(Task details): Leave out the pictures and restate every entry word for word.
▼
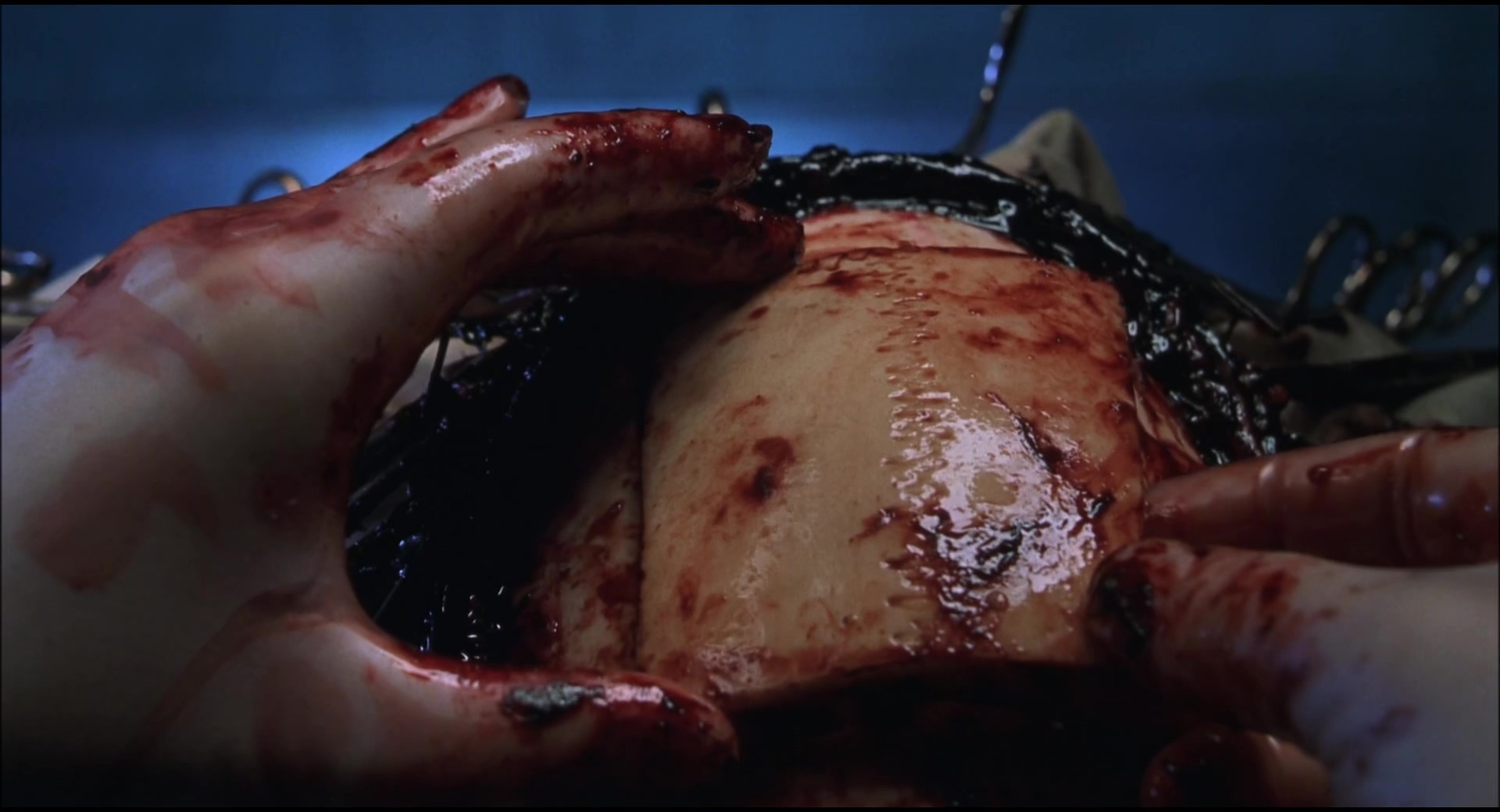 养鬼吃人6：死亡代码(2002).MKV_20250612_154540.599.jpg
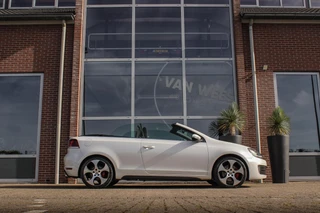 Volkswagen Golf Cabrio 2.0 TSI GTI | 2e eigenaar | DSG | Xenon | Stoelverwarming | Climatronic | Cruise control | Navigatie | Bluetooth | PDC | 18 inch Detroit | Origineel / 8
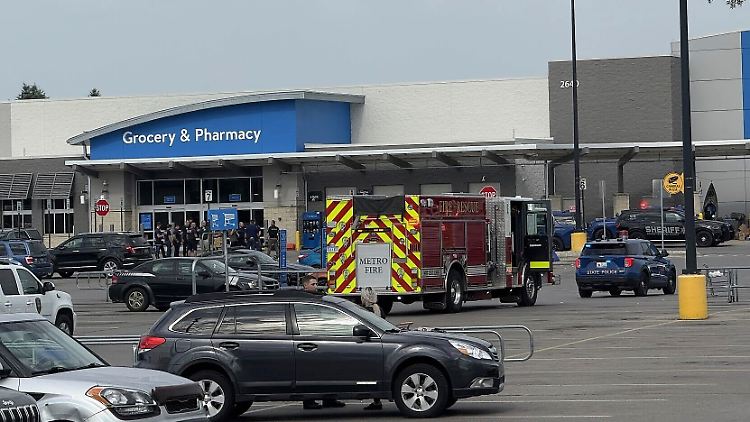 Rettungskräfte sind im Einsatz in einer Filiale der Supermarktkette Walmart in Traverse City, Michigan.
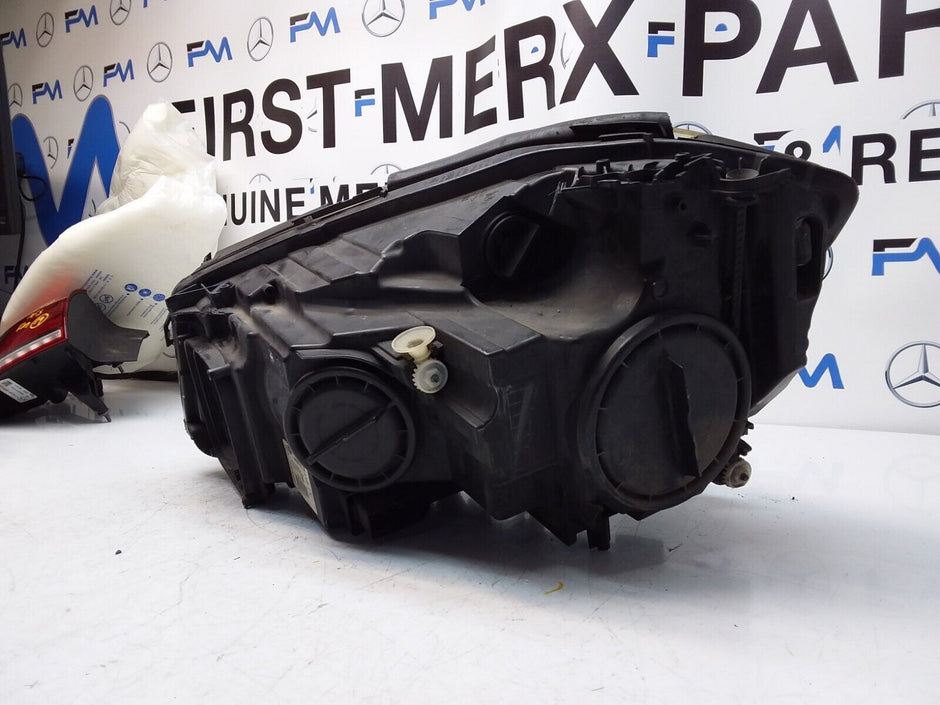 2013 MERCEDES A-CLASS W176 HEADLIGHT DRIVER SIDE OS A1768200461 FMH117 (Damaged)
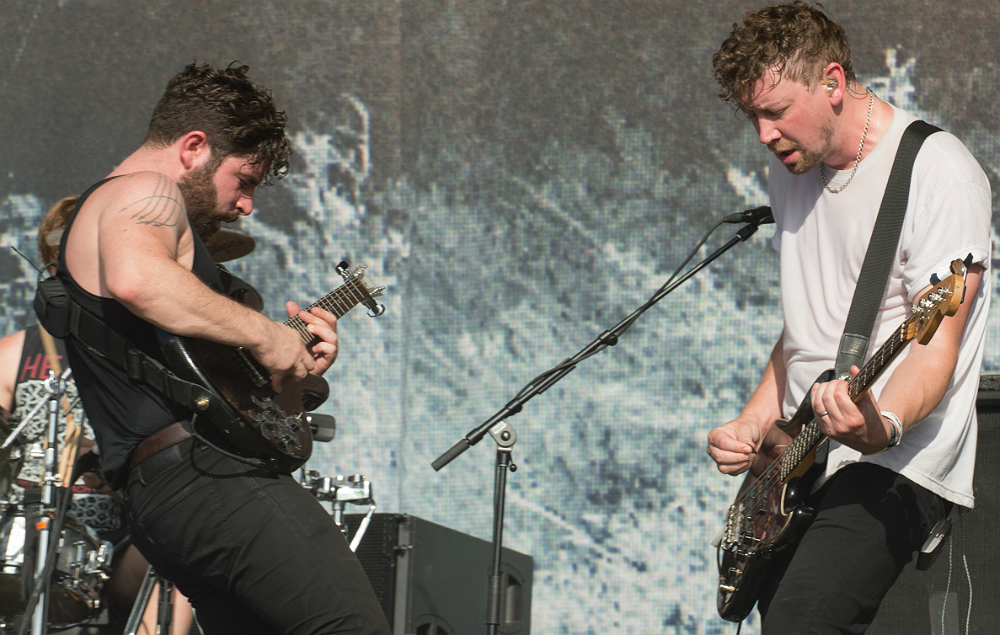 Foals приветствуют возвращение басиста Уолтера Герверса в группу — Fil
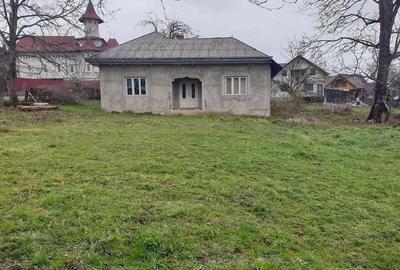 Casă cu 3 camere cu Teren 1200 Mp în Grumăzești - 2
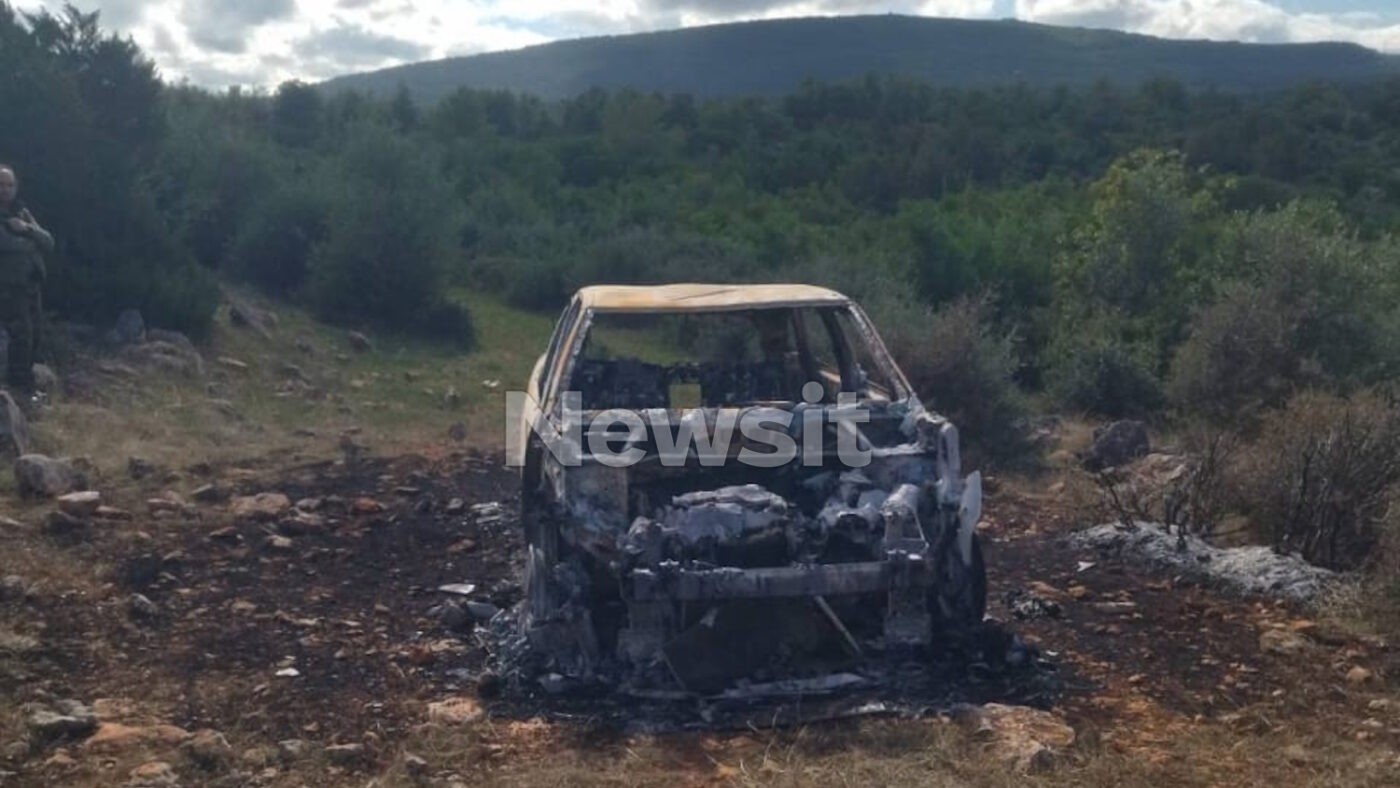 Το καμένο αυτοκίνητο στη Βοιωτία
▲
(Exercise answer):
 养鬼吃人6：死亡代码(2002).MKV_20250612_154540.599.jpg
 Volkswagen Golf Cabrio 2.0 TSI GTI | 2e eigenaar | DSG | Xenon | Stoelverwarming | Climatronic | Cruise control | Navigatie | Bluetooth | PDC | 18 inch Detroit | Origineel / 8
 Rettungskräfte sind im Einsatz in einer Filiale der Supermarktkette Walmart in Traverse City, Michigan.
 2013 MERCEDES A-CLASS W176 HEADLIGHT DRIVER SIDE OS A1768200461 FMH117 (Damaged)
 Foals приветствуют возвращение басиста Уолтера Герверса в группу — Fil
 Casă cu 3 camere cu Teren 1200 Mp în Grumăzești - 2
 Το καμένο αυτοκίνητο στη Βοιωτία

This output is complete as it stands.